Ungeachtet dessen war Kemetter ein engagiertes Mitglied der Austria bzw. dann des CV. 1889 war er einer der treibenden Kräfte für die Gründung des Ersten ÖCV. Auf dem BC der Austria vom 13. Juni 1898 war er der Antragsteller, anläßlich des 50. Regierungsjubiläums von Kaiser Franz Joseph eine neue Verbindung zu gründen: die Rudolfina. Er gilt daher als einer der Stifter der Rudolfina. Nach der Vereinigung des Zweiten ÖCV mit dem CV war Kemetter 1907 der erste Vorsitzende des Wiener CV-Philisterzirkels, des Vorgängers des Wiener Altherrenlandesbundes. Als Reichsratsabgeordneter unterstützte er den CV im Kampf um die Gleichberechtigung, insbesondere im „Wahrmundjahr“ 1907/08.
Nach dem Ersten Weltkrieg ging Kemetter in Pension und erhielt den Titel Hofrat verliehen. Von 1934 bis 1938 war er Präsident der österreichischen Liga für Menschenrechte. Nach dem Anschluß wurde er von der Gestapo zwar verhört, blieb aber ansonsten unbehelligt. In den letzten Lebensjahren lebte er in Innsbruck, wo er auf dessen Westfriedhof begraben wurde.
Quellen und Literatur:
Verbindungsarchiv Austria Wien (Heinz Dopplinger)Freund, Fritz: Das österreichische Abgeordnetenhaus. Ein biographisch-statistisches Handbuch. XII. Legislaturperiode 1911–1917. Wien 1911, 87.

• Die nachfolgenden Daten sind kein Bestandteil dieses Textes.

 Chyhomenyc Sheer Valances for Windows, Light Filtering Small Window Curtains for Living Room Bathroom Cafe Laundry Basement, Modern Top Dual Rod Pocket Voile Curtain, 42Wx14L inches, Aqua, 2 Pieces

Biographisches Handbuch der österreichischen Parlamentarier 1918–1993. Hg. von der Parlamentsdirektion. Wien 1993, 267.
Krause, Otto: Biographisches Handbuch des nö. Landtages 1861–1921 (online: Landtag Niederösterreich). St. Pölten 1995.
Hartmann, Gerhard (Baj): Für Gott und Vaterland. Geschichte und Wirken des CV in Österreich. Kevelaer 2006, 41f., 69, 78, 106, 108 und 160.